Their joint activities in Belgrade were made official with the publication of the text “with the meaning of a real manifesto” in the daily Politika on 14 April 1930. The group consisted of thirteen surrealists: Marko Ristić, Milan Dedinac, Mladen Dimitrijević, Dušan Matić, Vane Živadinović-Bor, Konstantin Koča Popović, Petar Popović, Radojica Živanović-Noe, Branko Milovanović, Aleksandar Vučo, Đorđe Kostić, Đorđe Jovanović and Oskar Davičo. The foundation was followed by an almanac in two languages Nemoguće – L’Impossible, while the text about the foundation of the Belgrade group was translated and published in the French journal Le Surréalisme au service de la révolution (1930-1933); this officially represented the group in France. Although there was only one issue of the almanac, the joint venture was continued through the paper Nadrealizam danas i ovde (NDIO – Surrealism Today and Here).

 

It is important to mention that at the same time several publications were issued in Belgrade under the sign of “Surrealist Editions” (Nadrealistička izdanja). They represented a common and unique publishing endeavour of the Belgrade surrealist movement. Besides the poetic, prose and theoretic issues, where particular attention was paid to co-authored poetry, as a specific surrealist practice, the group published also advertising-propaganda material, such as, pamphlets, brochures, posters, plaques, and the first among them was the poster Four Sides – And So On by Đorđe Jovanović, Đorđe Kostić and Oskar Davičo, printed in 1930. Books were actively published under the same denomination until 1933, and the last “Surrealist Edition” was published after a five-year break in 1938:

 

  1. O. Davičo, Anatomija (Anatomy), Surrealist Editions, Belgrade, 1930.
  2. M. Ristić Koje su pobude i kakvi uspesi školske filozofije (What are the motives and achievements of school philosophy), Surrealist Editions, Belgrade, 1932.
  3. A. Vučo, O. Davičo, M. Dedinac, V. Živadinović-Bor, R. Živanović.Noe, Đ. Jovanović, Đ. Kostić, D. Matić, K. Popović, P. Popović, M. Ristić, Pozicija nadrealizma (The Position of Surrealism), Surrealist Editions, Belgrade, 1932.
  4. K. Popović, M. Ristić, Nacrt za jednu fenomenologiju iracionalnog (Sketch for a Phenomenology of the Irrational), Surrealist Editions, Belgrade, 1932.
  5. A. Vučo, Humor zaspalo (Humour Dreaming), Surrealist Editions, Belgrade, 1932.
  6. O. Davičo, Đ. Kostić, D. Matić, Položaj nadrealizma u društvenom procesu (The Position of Surrealism Within the Social Process), Surrealist Editions, Belgrade, 1932.
  7. V. Bor, M. Ristić, Anti-zid (Anti-Wall), Surrealist Editions, Belgrade, 1932.
  8. A. Vučo, Nemenikuće, Surrealist Editions, Belgrade, 1932.
  9. A. Vučo, D. Matić, Podvizi družine Pet Petlića (Exploits of the Five Cockerel Company), Surrealist Editions, Belgrade, 1933.
  10.  M. Ristić, Turpituda, Surrealist Editions, Belgrade, 1938.

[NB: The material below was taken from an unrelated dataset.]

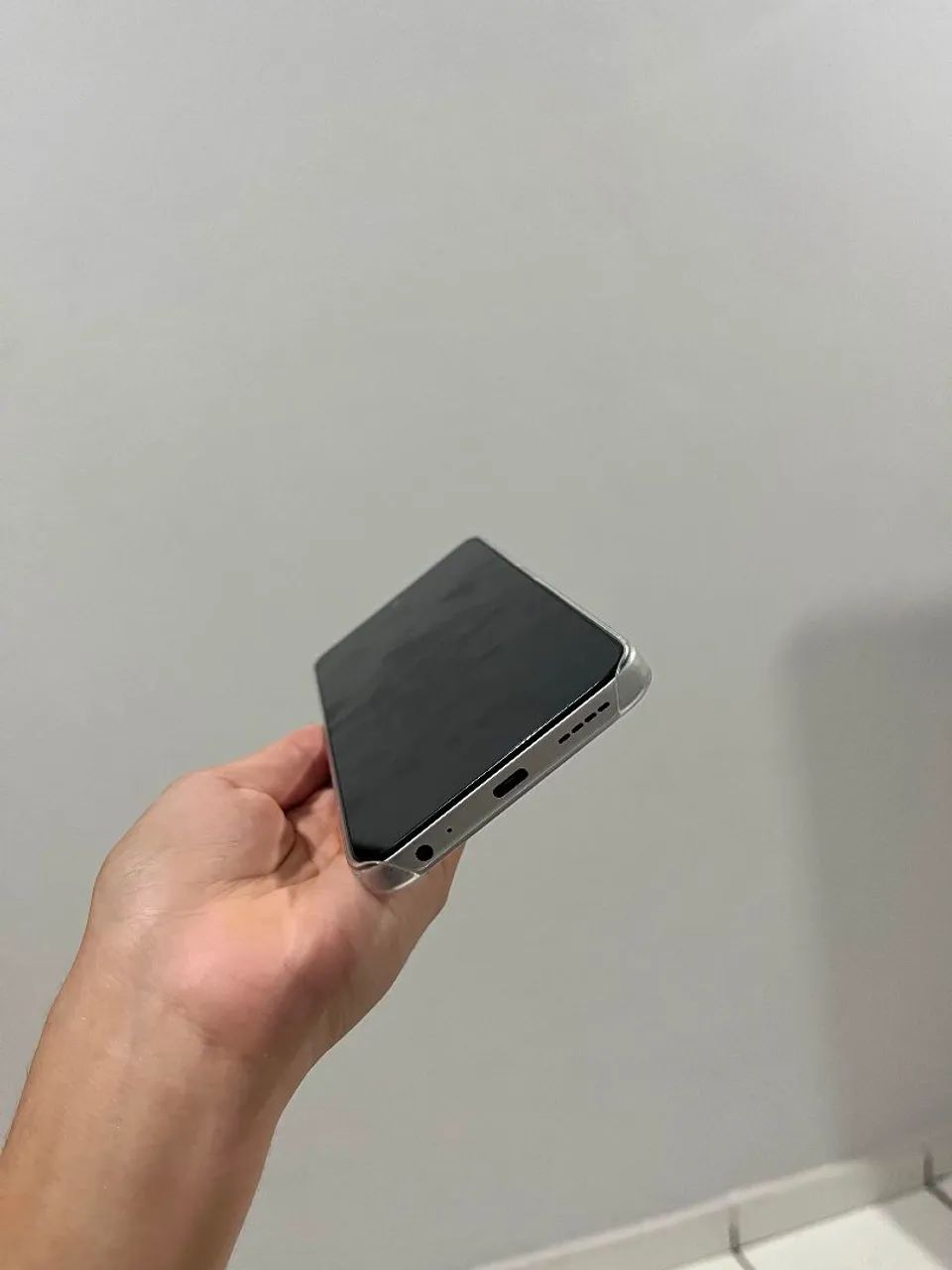 Vendo Infinix Smart10  - Foto 4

The strengthening of the Sixth-of-January Dictatorship in the Kingdom of Yugoslavia and clashes with the leftist movements and parties brought about the arrest of Kostić, K. Popović, Jovanović and Davičo in 1932, who were accused of communist activities. Because of this event, but also because of former misunderstanding within the movement, the Belgrade surrealist group ceased to exist that very year.